IoT Touches Everything

The channel can play a pivotal role in rollout of IoT solutions

For the uninitiated, it’s easy to think of an enterprise Internet of Things deployment as little more than “dollars per boxes” and some low-bandwidth circuits. It’d be more accurate to think of IoT as “touching everything.”

As IoT projects and budgets continue to expand, deployments are becoming less about clusters of siloed IoT devices and more about fully interconnected and autonomous IoT environments. In turn, it’s not uncommon for an IoT implementation to involve a number of other systems and solutions such as security, storage, data analysis, compute, backhaul, on-going monitoring, managed connectivity, private wireless and vertical specific capabilities, among other functions and features.
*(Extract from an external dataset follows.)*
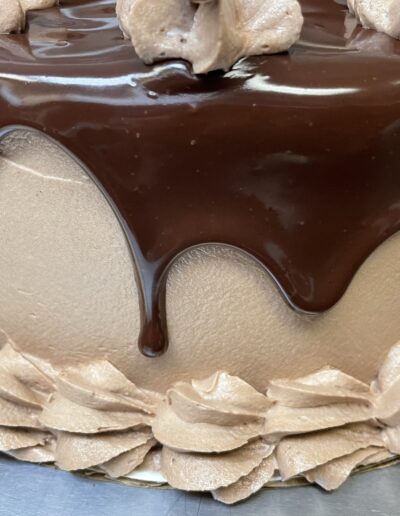 image of a cake with chocolate drip edge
In many cases, all or most of those services are critical to reaching intended outcomes. In other words, IoT is certainly more about selling and deploying a “platform” than a “service.”
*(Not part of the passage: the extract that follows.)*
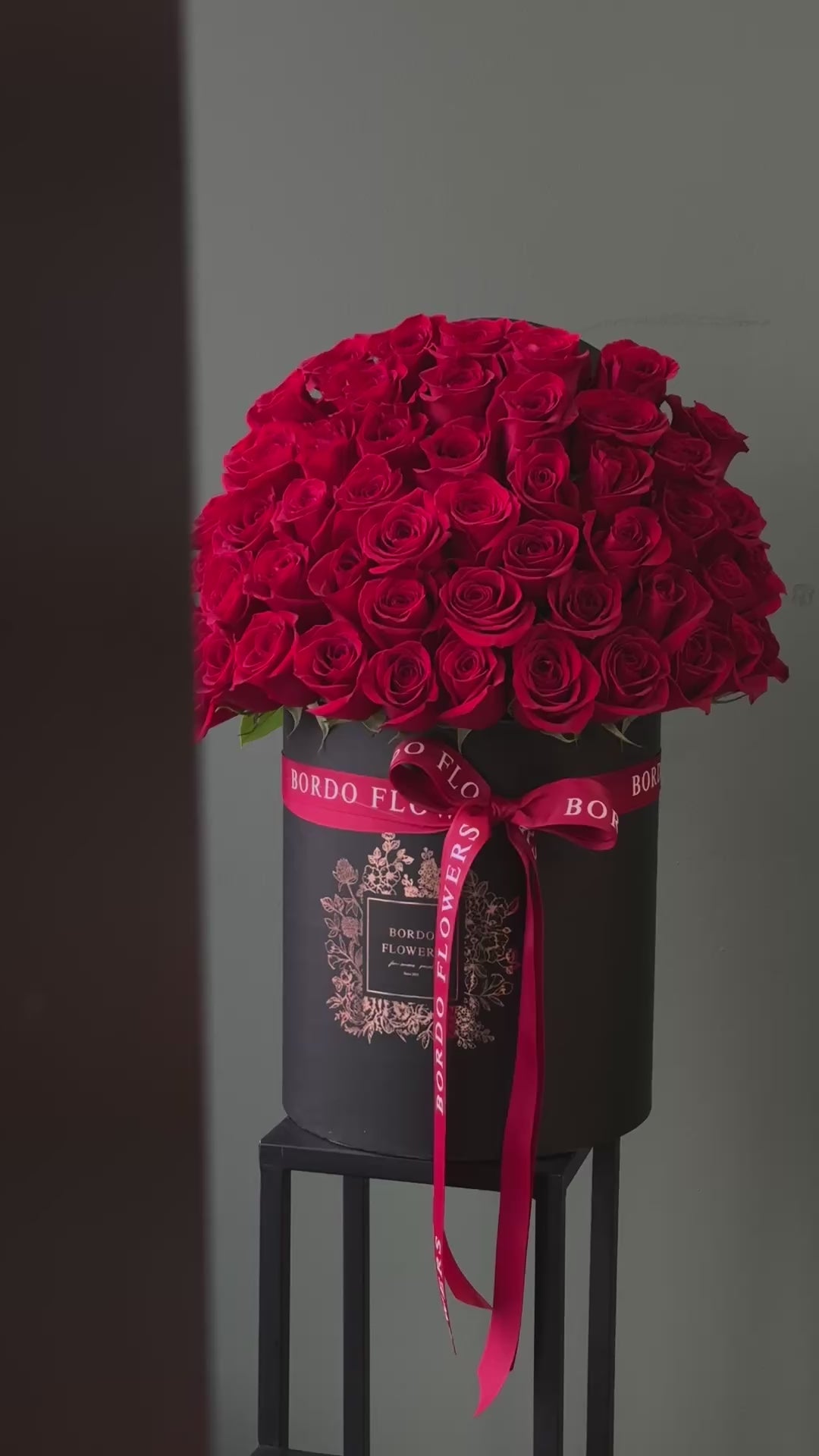 "50 Reasons Why" arrangement: 50 premium roses in a refined box design with a front-facing display. Includes wet floral sponge. Design confirmed in Chicago.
If that sounds complex, it’s because it is. And early adopting enterprises have had to work hard to piece together IoT projects – which tend to encompass many technologies and integration points, while unleashing an onslaught of data – and move those projects out of trial and into enterprise-wide production. Not that this has persuaded adoption or soured adopters. Surveys suggest IoT budgets are growing healthily, and the vast majority of early adopters are satisfied with initial results. As much as 93 percent of respondents surveyed by 451 Research described their IoT initiatives as “successful,” including 38 percent dubbing them “very successful.”

For the next stage of adoption to occur, however, things will need to get much easier for customers. And as the business IoT platform providers pull the ecosystem together, it appears there’s a clear role for channel partners and providers of network and communication services.
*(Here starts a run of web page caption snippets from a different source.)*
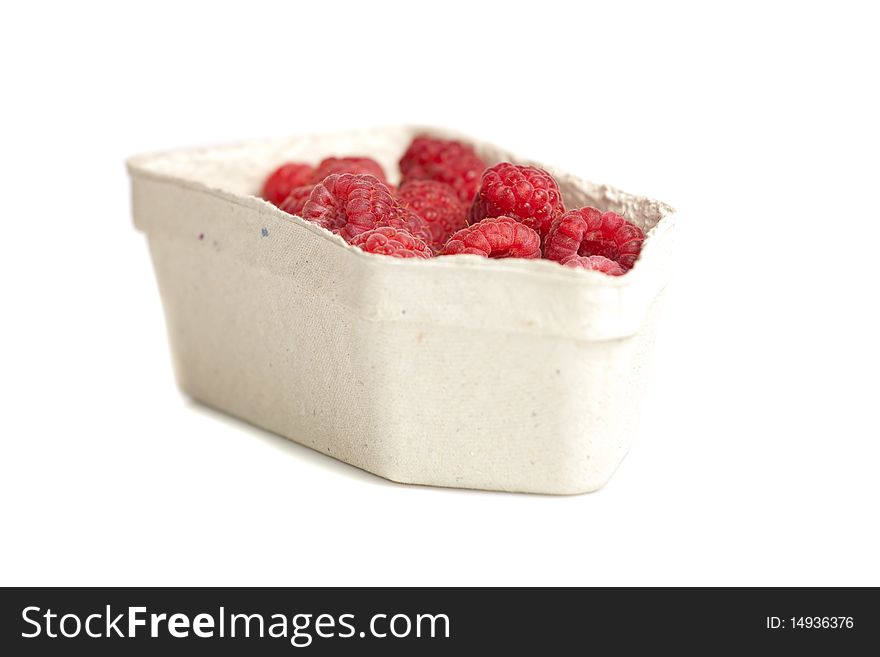 Ripe fresh rapberries on white isolated background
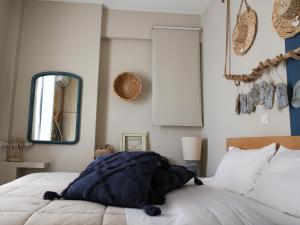 Cama ou camas em um quarto em Beach House in Itea-Delphi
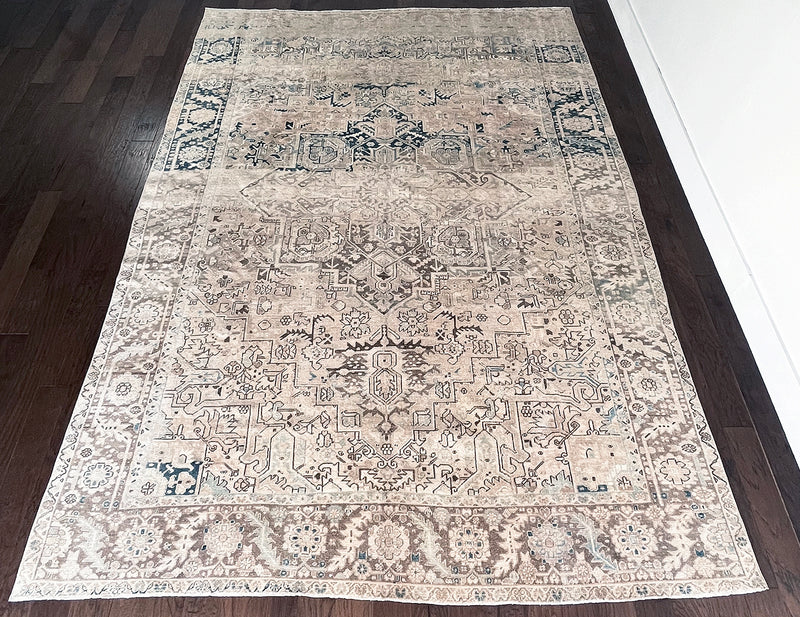 a large vintage heriz rug with a faded neutral palette, blue abrash and taupe accents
Make no mistake, despite the emerging long tail of IoT platform and solutions vendors, the major hyperscalers and larger, well-known IT vendors have pulled ahead in terms of offering “IoT platforms” that are integrated with related infrastructure and technologies (emphasizing the importance of cloud compute, storage and data analytics to IoT outcomes). And these types of platforms sit at the center of most IoT enterprise deployments.

Among enterprises surveyed for 451, a division of S&P Global Market Intelligence, the most widely deployed IoT platforms come from Microsoft (used by 38 percent of respondents), followed by AWS (30 percent). AT&T comes in third at 28 percent, the first time the company ranked that highly, the study noted, with IBM (18 percent) and Google (17 percent) rounding out the top five. Microsoft was also the highest ranked “primary” platform vendor at 24 percent, “reflecting the ongoing trend of industry platforms often running on top of cloud IoT infrastructure,” said the research group.

Most initiatives also involve a systems integrator or consultant type that holds some expertise in the enterprise IoT platform of choice, said the research firm. And in addition to those key partners, enterprises work with an average of nine vendors in their IoT projects, providing elements including connectivity, security, premises gear, analytics and integration, among others. When choosing those vendors, enterprises value above all else the ability to consult on and deliver “best of breed” technologies, suggest the 451 surveys, more than IoT-specific expertise, cost, ability to deliver outcomes and vertical expertise.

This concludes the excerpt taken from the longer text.